The prospect of reviewing a manuscript so many times is enough to make a writer sweat. Even printing your 400-pages opus magnum a dozen times may be daunting. All that good paper wasted… What about the trees?
But there’s no escape. If you want high quality writing you need to put in high quality effort. A roadmap on what to look for when you edit your book can be helpful.
Here are some tips adapted from Marion Roach’s The Memoir Project. These tips apply to any kind of book, as well as to shorter pieces and blog posts.
- Print your draft and write on the margin of every paragraph what’s about and what it does. (If it’s a book, you can do this for every page or every section.) Is it repetitive? Does it go in a different direction that detracts from the main story? Hack it. You can save it in a different document, in case it’s useful for a later piece.

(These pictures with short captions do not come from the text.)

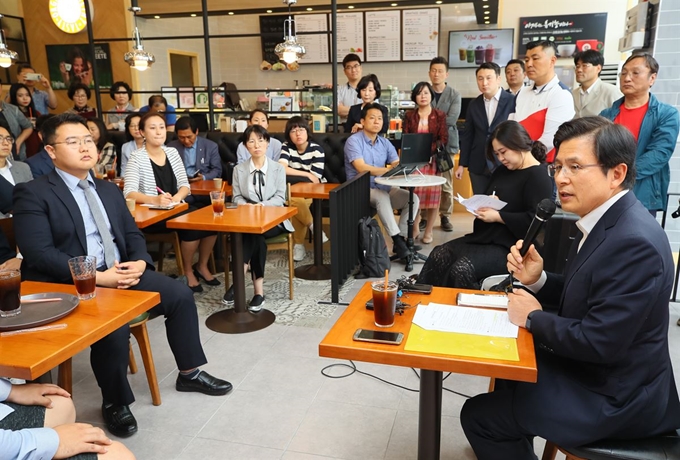 자유한국당 황교안 대표가 17일 세종시 한 카페에서 열린 세종맘과의 간담회에서 엄마·아빠들의 질문에 답하고 있다. 세종=연합뉴스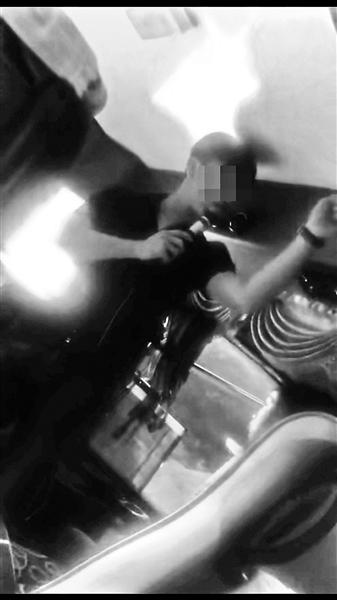 黑導游在威脅中國游客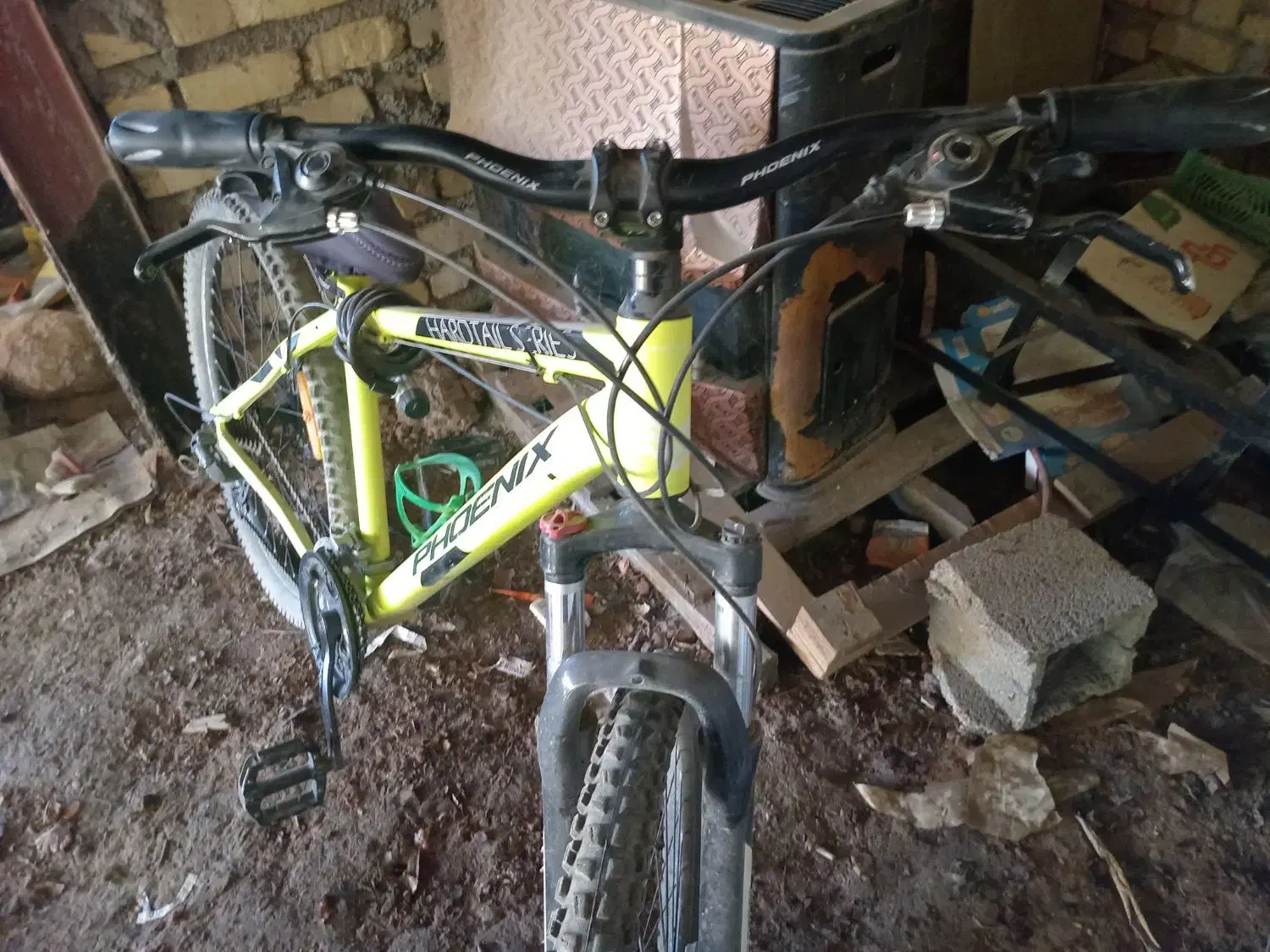 دوچرخه|دوچرخه، اسکیت، اسکوتر|سپیدان, |دیوار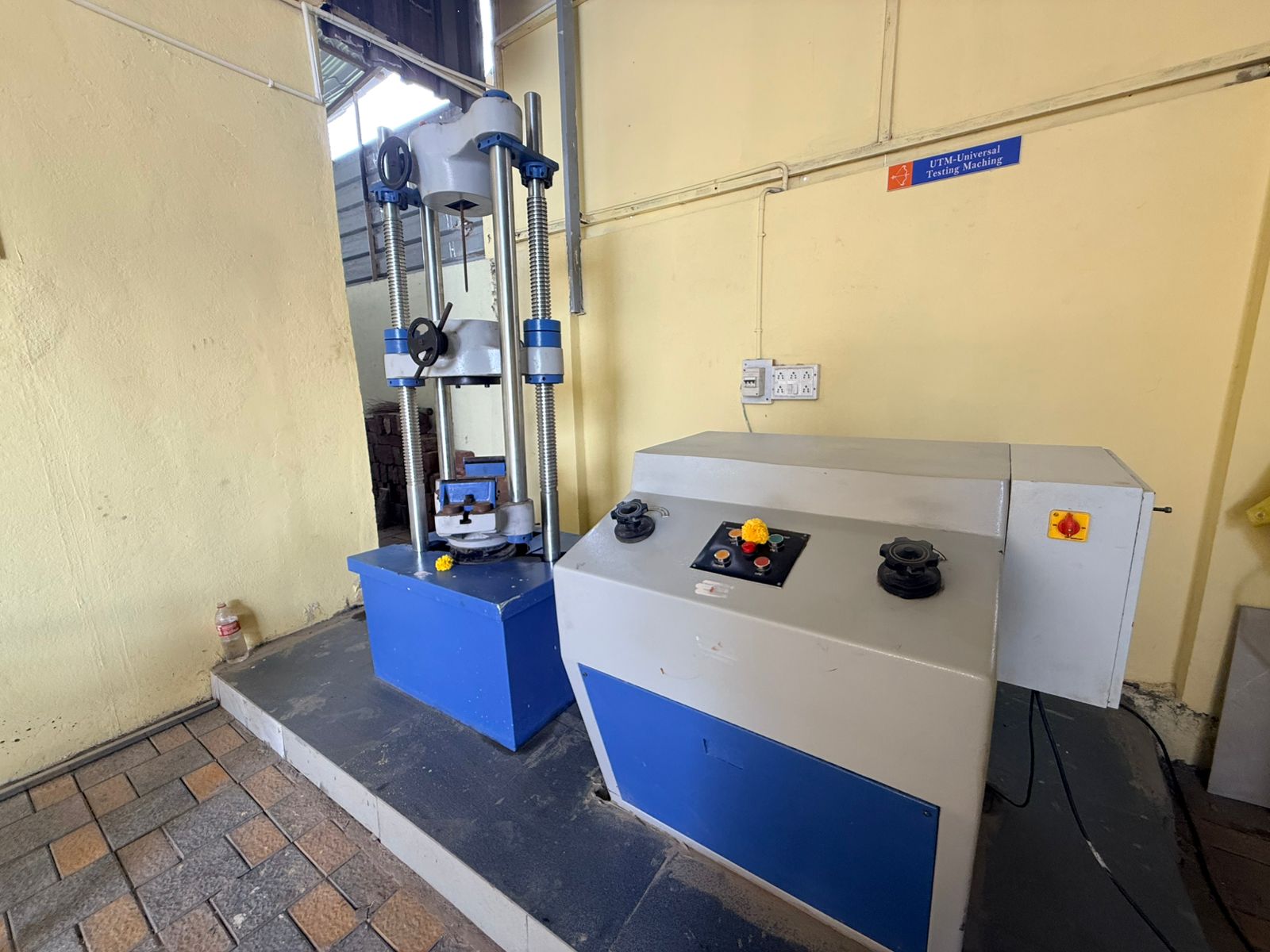 Universal Testing Machine (UTM)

- Print the manuscript again. Search all sentences starting by “I” and rewrite at least two-thirds of them, to begin with an action. (If your story is in the third person, the same tip applies.)
- Print again and look at adjective and noun pairings. Are they the best they could be? Edit as needed.
- Now look only at sentence length. Cut unnecessarily long sentences. Is there a more precise way to say the same thing?
- Review again, checking if the piece responds to your original intention, theme or pitch. What did you want to illustrate? Did you meet your obligation?
- Read it out loud. Cut out or edit parts that sound awkward, boring or reveal a dissonant tone or voice.
- Once your manuscript is as good as you can make it, pass it on to one or more trusted editors and review it all over again based on their feedback. The key word here is trusted, as in knowledgeable.
You can change some steps to others that work better for you. The point is that it helps to focus on different aspects of the story every time you review it. Start with the general (theme, plot) and narrow down to the details.
And if you still feel bad about the trees, fret no more: one dollar donation is all it takes to plant a new one thanks to the non-profit One Tree Planted.
So print away. Your work will improve and the world will breath better.